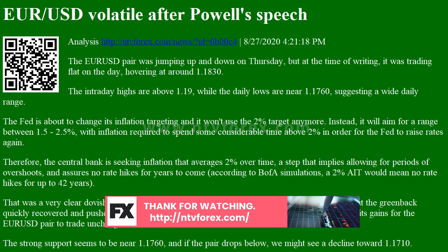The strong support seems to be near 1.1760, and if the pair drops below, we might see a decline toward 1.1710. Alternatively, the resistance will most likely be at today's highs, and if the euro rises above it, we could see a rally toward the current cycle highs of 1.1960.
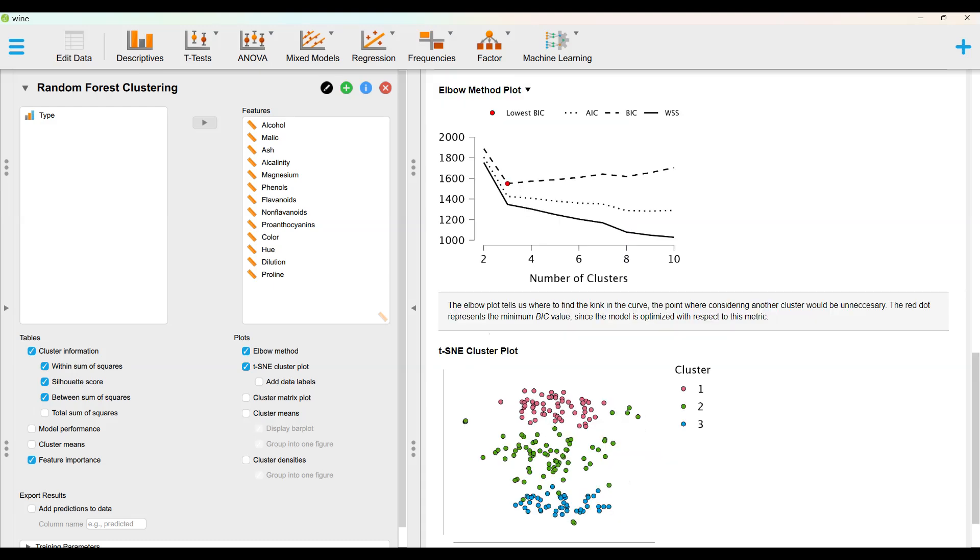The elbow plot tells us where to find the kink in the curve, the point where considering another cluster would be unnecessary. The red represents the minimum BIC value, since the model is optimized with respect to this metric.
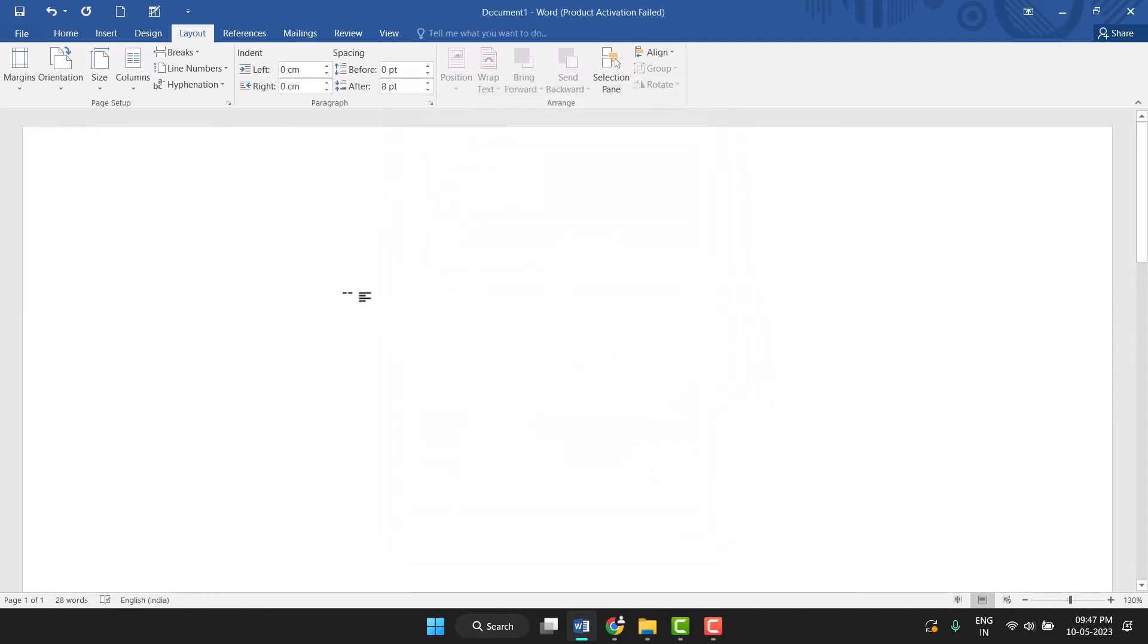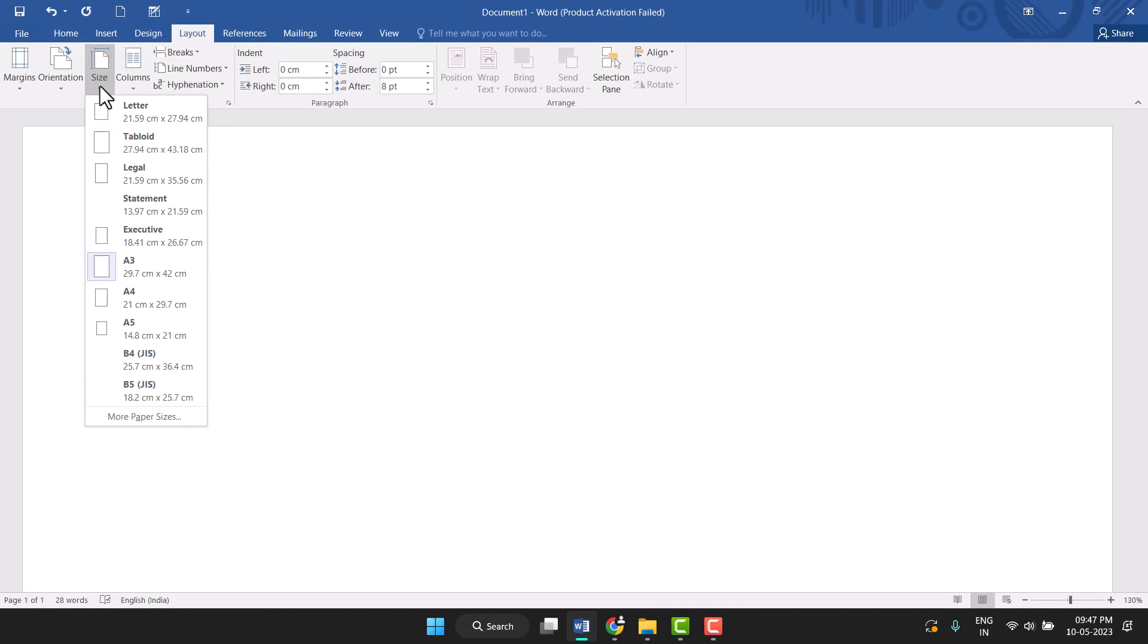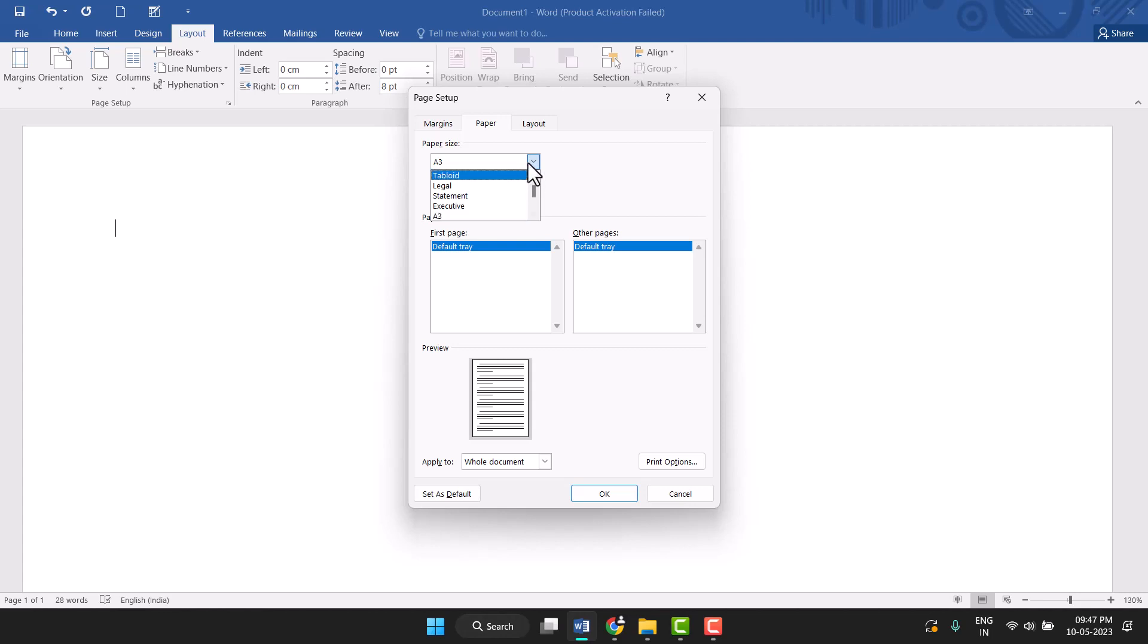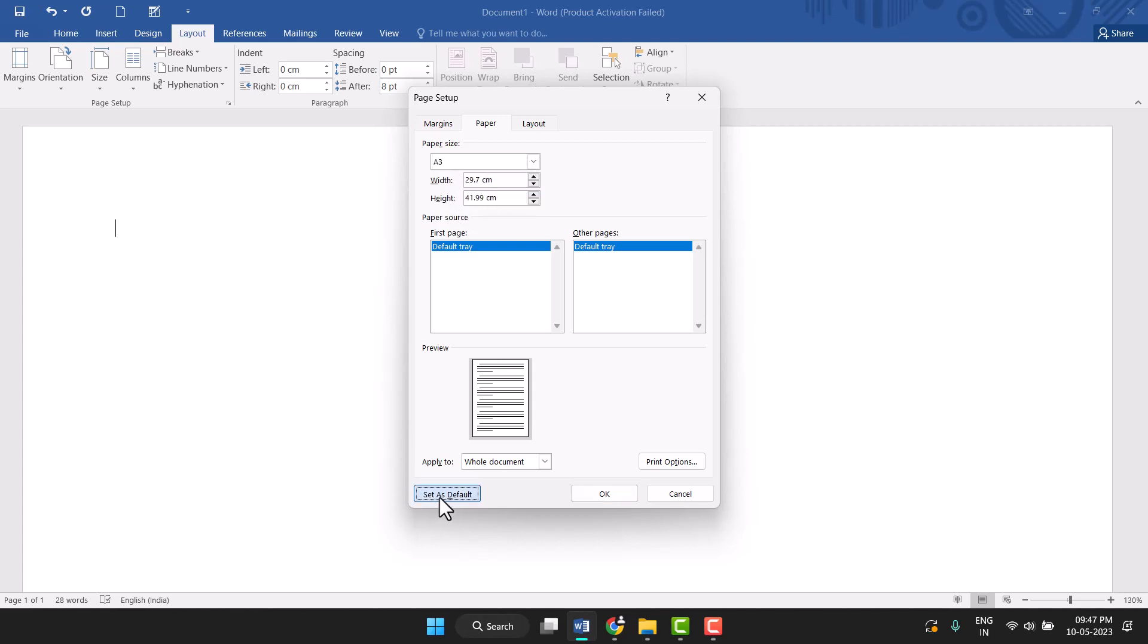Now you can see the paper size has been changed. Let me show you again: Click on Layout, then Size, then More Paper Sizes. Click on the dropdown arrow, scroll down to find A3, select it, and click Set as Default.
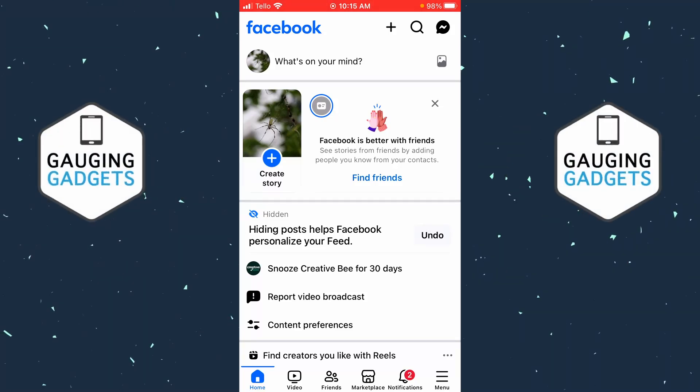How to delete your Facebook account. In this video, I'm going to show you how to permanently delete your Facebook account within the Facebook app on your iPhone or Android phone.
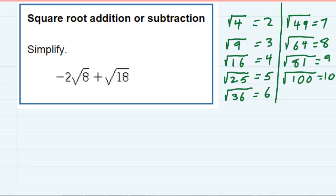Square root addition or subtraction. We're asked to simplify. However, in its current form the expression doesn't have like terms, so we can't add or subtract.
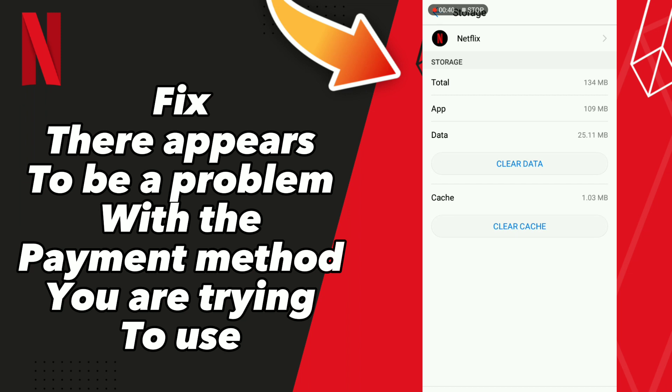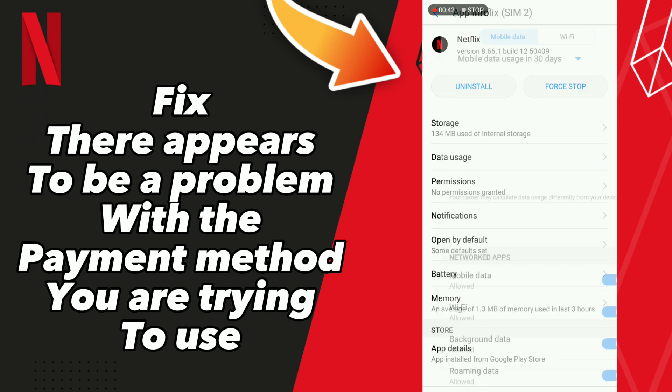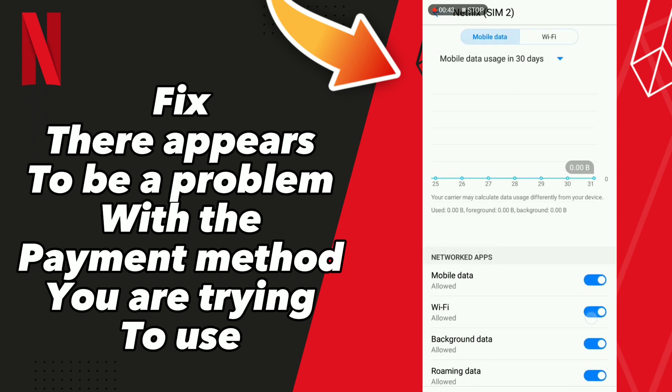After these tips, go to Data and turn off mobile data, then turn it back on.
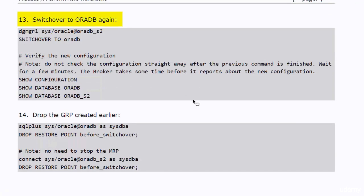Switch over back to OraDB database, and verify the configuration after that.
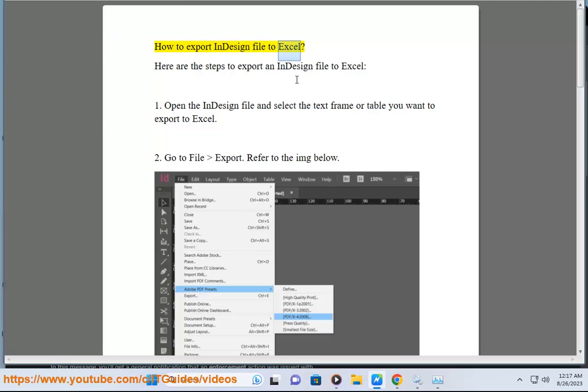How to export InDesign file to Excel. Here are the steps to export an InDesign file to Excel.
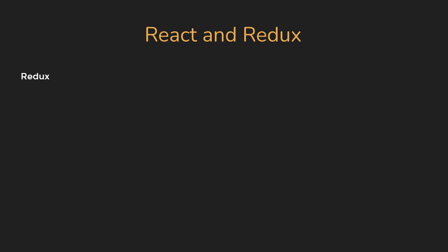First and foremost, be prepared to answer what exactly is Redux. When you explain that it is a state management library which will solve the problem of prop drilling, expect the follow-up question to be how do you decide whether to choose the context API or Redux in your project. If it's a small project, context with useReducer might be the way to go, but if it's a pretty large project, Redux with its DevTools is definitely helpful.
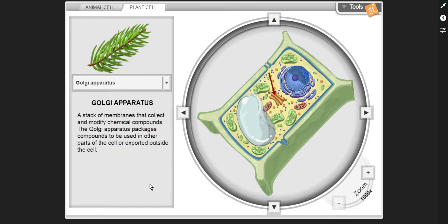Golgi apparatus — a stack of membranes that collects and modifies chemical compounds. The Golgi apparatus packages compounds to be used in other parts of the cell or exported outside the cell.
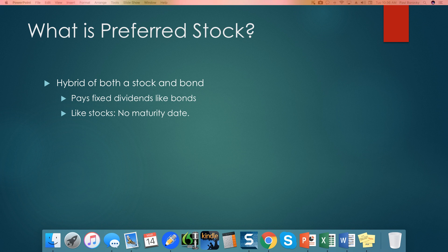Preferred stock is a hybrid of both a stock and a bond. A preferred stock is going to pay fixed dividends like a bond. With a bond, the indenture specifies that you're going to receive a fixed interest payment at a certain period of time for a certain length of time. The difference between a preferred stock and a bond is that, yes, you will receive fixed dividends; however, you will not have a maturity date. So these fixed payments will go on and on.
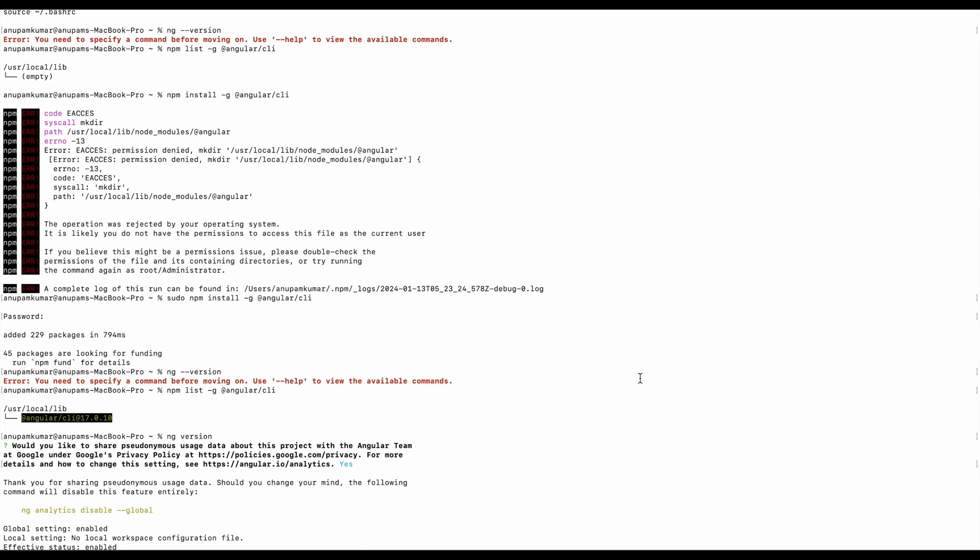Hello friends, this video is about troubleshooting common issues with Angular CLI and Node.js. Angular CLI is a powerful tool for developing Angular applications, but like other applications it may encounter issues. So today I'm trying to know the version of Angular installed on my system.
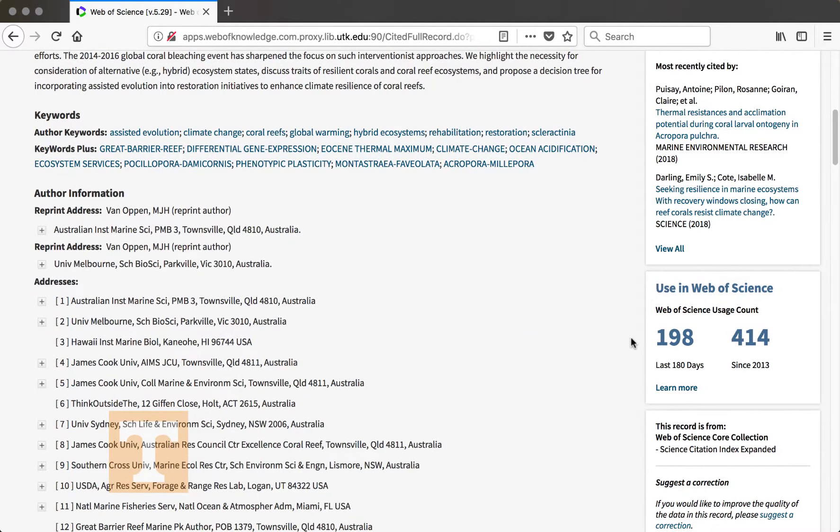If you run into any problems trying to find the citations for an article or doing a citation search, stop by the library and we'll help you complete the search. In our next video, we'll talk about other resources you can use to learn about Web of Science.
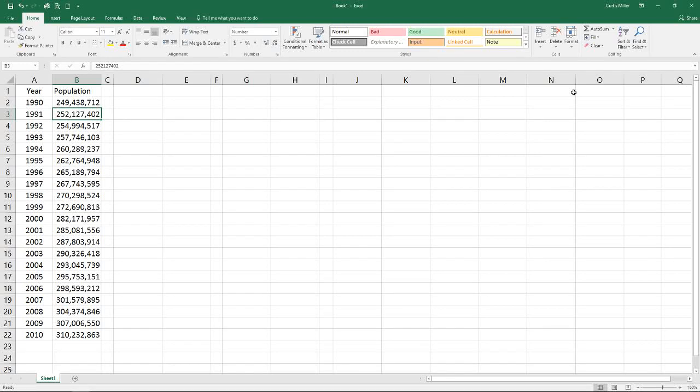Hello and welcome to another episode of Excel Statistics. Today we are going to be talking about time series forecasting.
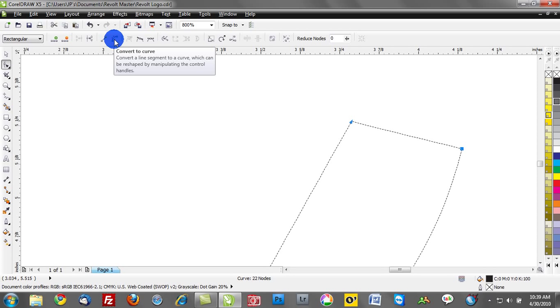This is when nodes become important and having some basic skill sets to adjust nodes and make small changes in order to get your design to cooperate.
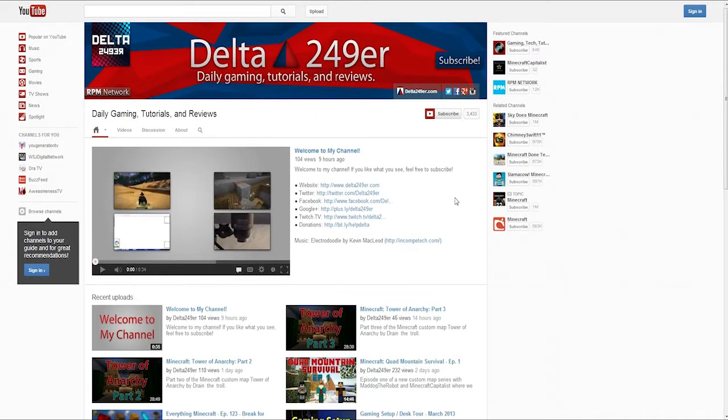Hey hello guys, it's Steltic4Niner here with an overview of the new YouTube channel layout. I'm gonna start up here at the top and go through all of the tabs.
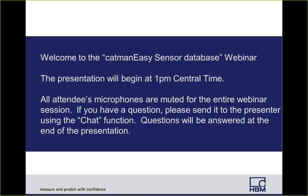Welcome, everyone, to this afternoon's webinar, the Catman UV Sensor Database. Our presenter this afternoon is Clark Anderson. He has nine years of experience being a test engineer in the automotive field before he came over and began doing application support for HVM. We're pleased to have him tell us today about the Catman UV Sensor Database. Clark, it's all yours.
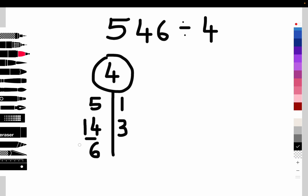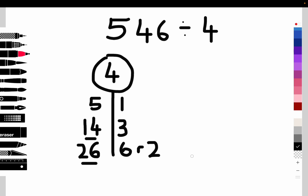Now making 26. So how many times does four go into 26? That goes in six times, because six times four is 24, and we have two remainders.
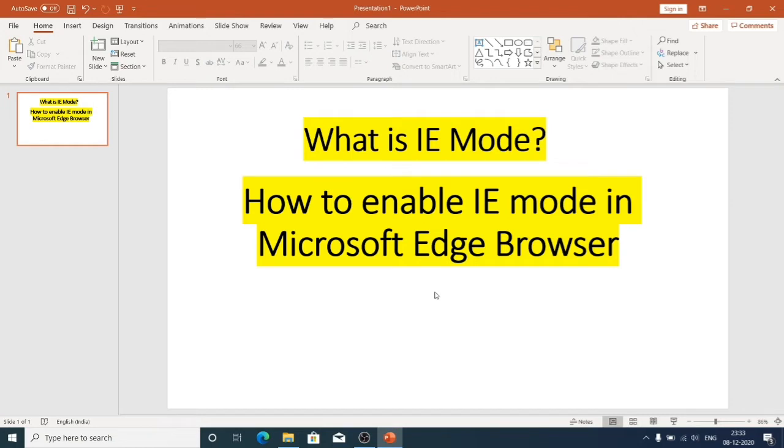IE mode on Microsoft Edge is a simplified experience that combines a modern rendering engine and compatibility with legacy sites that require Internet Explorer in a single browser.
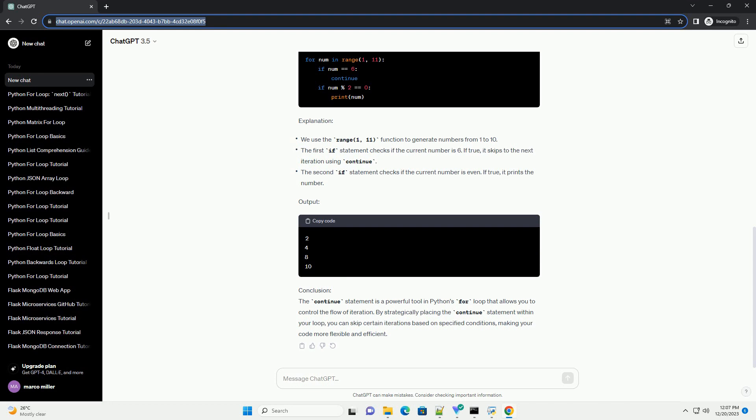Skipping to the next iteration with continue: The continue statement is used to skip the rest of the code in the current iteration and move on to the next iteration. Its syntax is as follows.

○ ○ ○ ○

(What to do)
Only lines from the one holding "This is when" through the last line of the entries above are wanted, both ends included, each retyped exactly; no pictures.

(Response area)
This is when nodes become important and having some basic skill sets to adjust nodes and make small changes in order to get your design to cooperate.
Hey hello guys, it's Steltic4Niner here with an overview of the new YouTube channel layout. I'm gonna start up here at the top and go through all of the tabs.
Welcome, everyone, to this afternoon's webinar, the Catman UV Sensor Database. Our presenter this afternoon is Clark Anderson. He has nine years of experience being a test engineer in the automotive field before he came over and began doing application support for HVM. We're pleased to have him tell us today about the Catman UV Sensor Database. Clark, it's all yours.
Now making 26. So how many times does four go into 26? That goes in six times, because six times four is 24, and we have two remainders.
IE mode on Microsoft Edge is a simplified experience that combines a modern rendering engine and compatibility with legacy sites that require Internet Explorer in a single browser.
Skipping to the next iteration with continue: The continue statement is used to skip the rest of the code in the current iteration and move on to the next iteration. Its syntax is as follows.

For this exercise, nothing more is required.